Au départ, Éric Vannier se rêvait en diplomate. Amateur de culture étrangère et de destinations lointaines, ce natif d’Issy-les-Moulineaux, issu d’une famille de médecins, fit ses études à Paris puis deux ans aux États-Unis.
En 1983, après la disparition prématurée de ses parents, il récupère en héritage un petit local avec commerce et logement sur le fameux site le plus célèbre de France. Débarquant sur un territoire qu’il ne connaissait que comme vacancier, il découvre que le tourisme n’y est à l’époque que saisonnier, et cantonné d’avril à septembre ! « Si vous débarquiez à Noël, pas moyen de trouver un bistrot ou une crêperie ouverte ! » L’idée est trouvée : « investir pour parvenir à étaler les séjours sur toute la saison avec des établissements ouverts toute l’année ! »
Vannier a beau ne pas avoir d’argent, il s’endette, rachète coup sur coup quatre établissements presque sans négocier le prix. « J’étais tellement convaincu de mon filon. » Il fallait aussi parvenir à attirer une clientèle internationale capable de compléter la demande française. Vannier n’en démord pas et veut convaincre. Et il s’en va lui-même rencontrer les tour-opérateurs à Tokyo pour proposer des séjours de groupes. La mode est lancée, le bouche-à-oreille fonctionne à merveille. Une vraie déferlante. Le nombre de touristes du pays du Soleil-Levant passe de 40 000 en 1974 à 550 000 quarante ans plus tard.
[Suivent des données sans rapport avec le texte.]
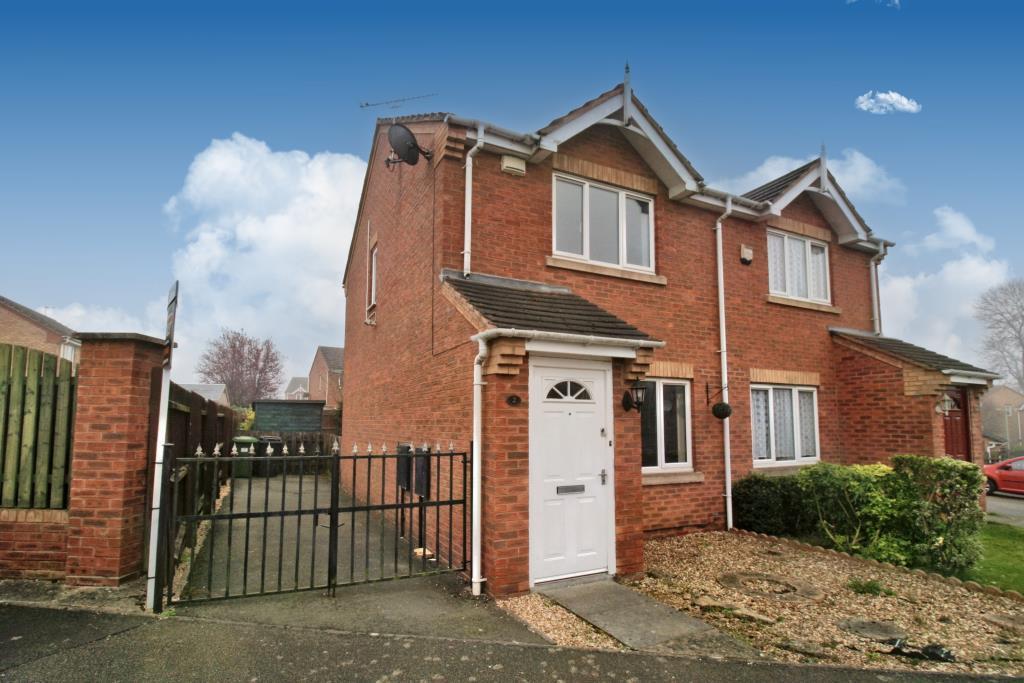 Katrine Close, Nuneaton 2 bed semidetached house £750 pcm (£173 pw)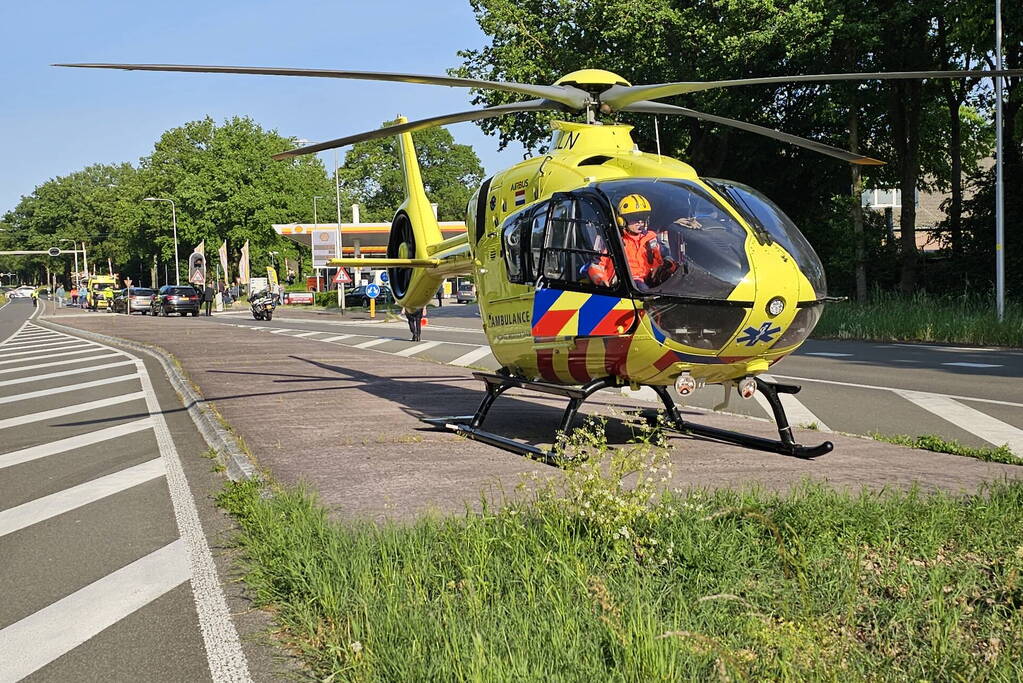 Fietser ernstig gewond na ongeval op oversteekplaats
Un engouement alimenté aussi par l’arrivée de groupes coréens ou chinois. Destination traditionnelle française, le Mont-Saint-Michel devient une véritable attraction internationale au plan mondial, un site incontournable avec plus de 2,3 millions de visiteurs annuels.
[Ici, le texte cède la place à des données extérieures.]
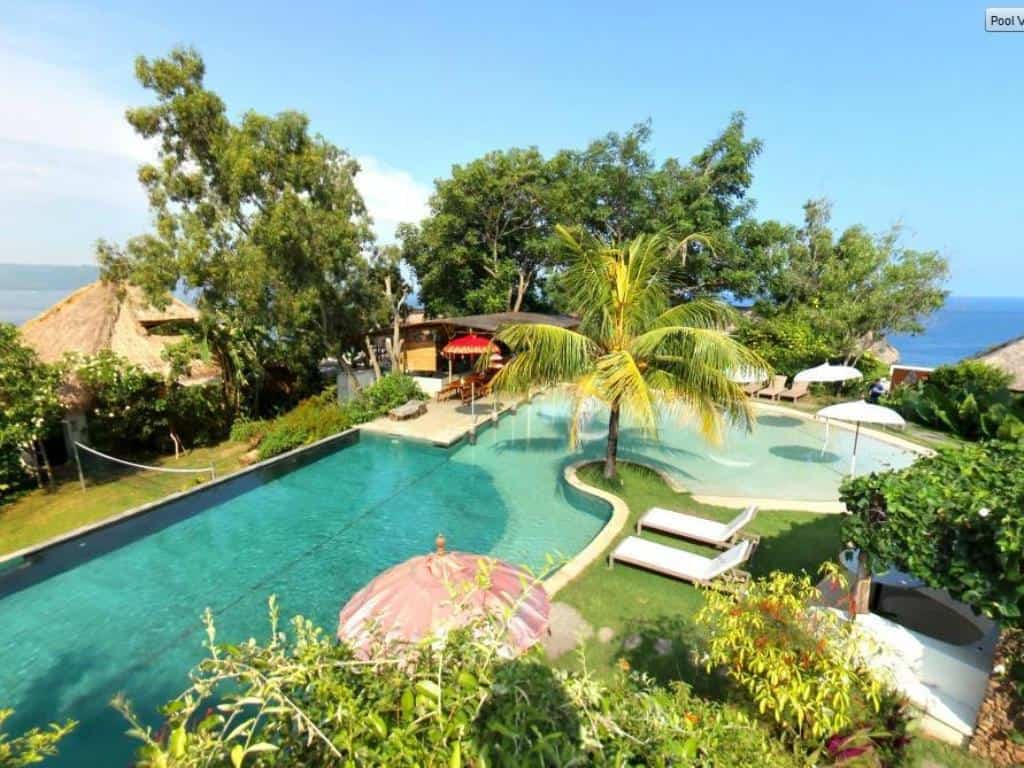 hotel bali karangasem piscine vue mer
Éric en profite pour continuer d’agrandir son parc hôtelier avec une vingtaine d’établissements aujourd’hui au compteur. En 1988, il rachète in extremis la célèbre Auberge de la Mère Poulard, créée un siècle plus tôt et « qui devait être vendue à des Chinois. Je suis arrivé à temps, mais on ne m’a pas fait de cadeaux sur le prix. J’étais conscient du potentiel de la marque. J’ai ouvert des restaurants à l’étranger. Mais surtout, la bonne idée a été de lancer des biscuits. » (À ne pas confondre avec les Biscuits St-Michel – 460 M€ de CA – du groupe Andros, qui sont fabriqués à Contres dans le Loir-et-Cher.)
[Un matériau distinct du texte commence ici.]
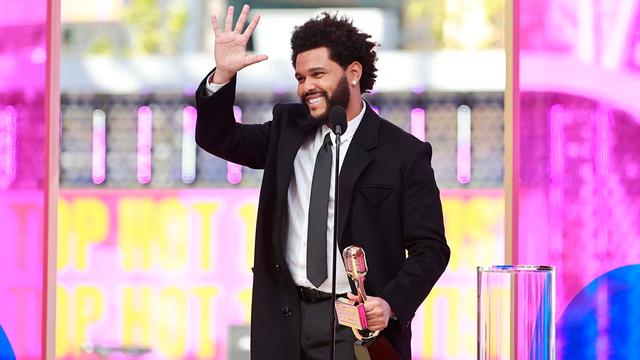 المغني The Weeknd يفوز بخمس جوائز في حفل Juno للموسيقى!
Après avoir testé de nombreux mois au préalable ses galettes auprès de sa clientèle, la décision est prise. L’usine sort de terre non loin, à Saint-Étienne-en-Cogles. Les biscuits La Mère Poulard sont vendus aujourd’hui dans 70 pays dans le monde. Une fierté normande que cet Avranchais de cœur a organisée seul et sans cadre export : « J’ai crapahuté moi-même dans le monde entier pour aller à la rencontre des distributeurs. Certains me l’ont reproché. C’était la seule solution. J’ai réalisé aussi peut-être inconsciemment mon rêve d’adolescent de devenir diplomate ! »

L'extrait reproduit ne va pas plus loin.